# [EXERCISE DETAILS]
The records follow. Filter them to the lines that hold "Adjustments".

# # #

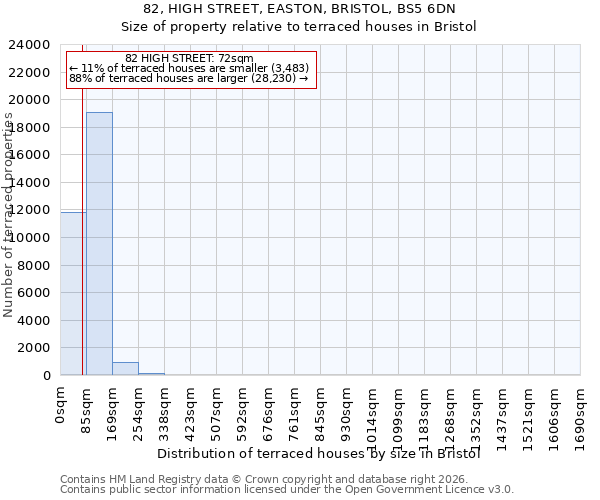 82, HIGH STREET, EASTON, BRISTOL, BS5 6DN: Size of property relative to terraced houses in Bristol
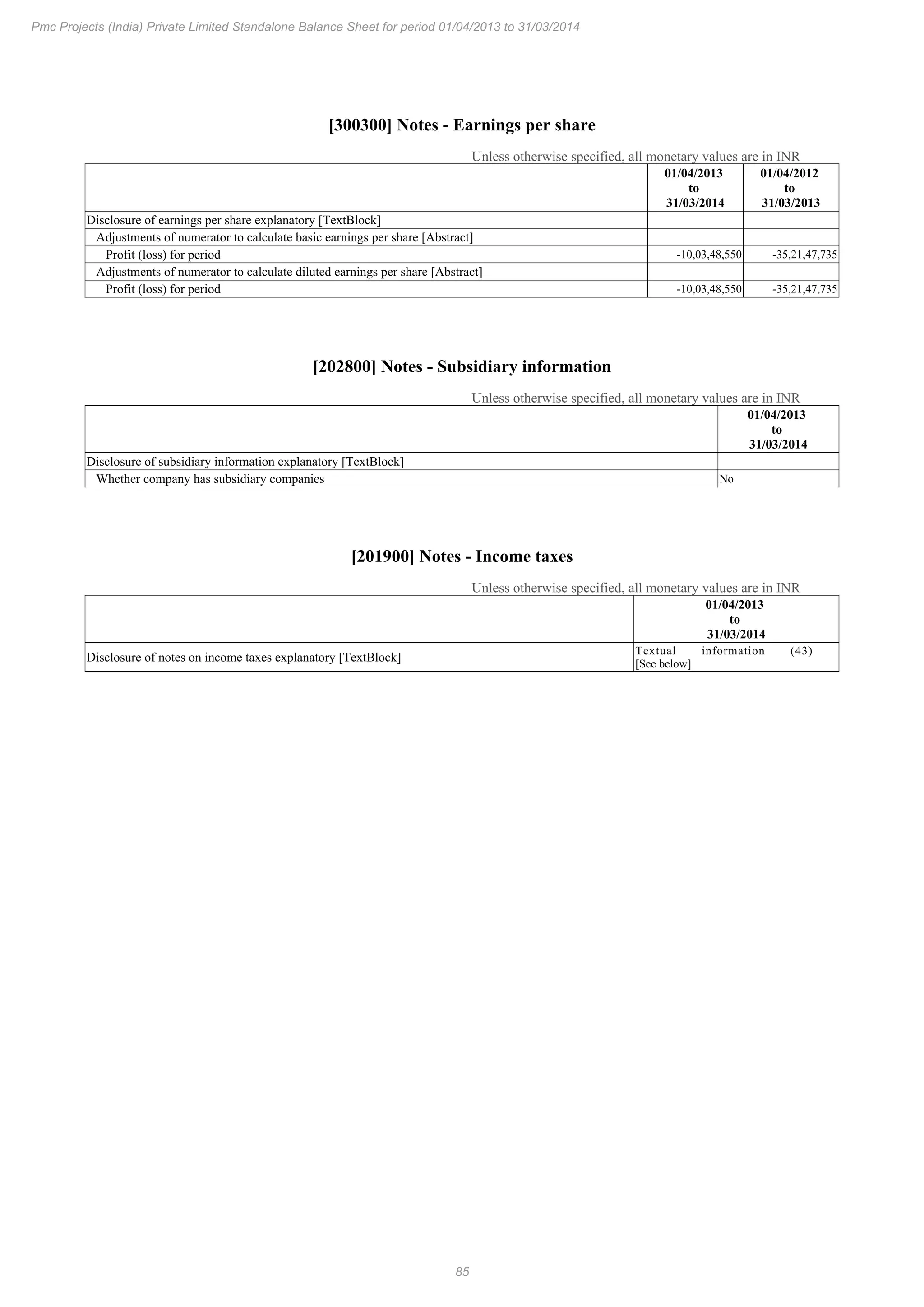 85
Pmc Projects (India) Private Limited Standalone Balance Sheet for period 01/04/2013 to 31/03/2014
[300300] Notes - Earnings per share
Unless otherwise specified, all monetary values are in INR
01/04/2013
to
31/03/2014
01/04/2012
to
31/03/2013
Disclosure of earnings per share explanatory [TextBlock]
Adjustments of numerator to calculate basic earnings per share [Abstract]
Profit (loss) for period -10,03,48,550 -35,21,47,735
Adjustments of numerator to calculate diluted earnings per share [Abstract]
Profit (loss) for period -10,03,48,550 -35,21,47,735
[202800] Notes - Subsidiary information
Unless otherwise specified, all monetary values are in INR
01/04/2013
to
31/03/2014
Disclosure of subsidiary information explanatory [TextBlock]
Whether company has subsidiary companies No
[201900] Notes - Income taxes
Unless otherwise specified, all monetary values are in INR
01/04/2013
to
31/03/2014
Disclosure of notes on income taxes explanatory [TextBlock]
Textual information (43)
[See below]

# # #

# [SOLUTION TO THIS TASK]
Adjustments of numerator to calculate basic earnings per share [Abstract]
Adjustments of numerator to calculate diluted earnings per share [Abstract]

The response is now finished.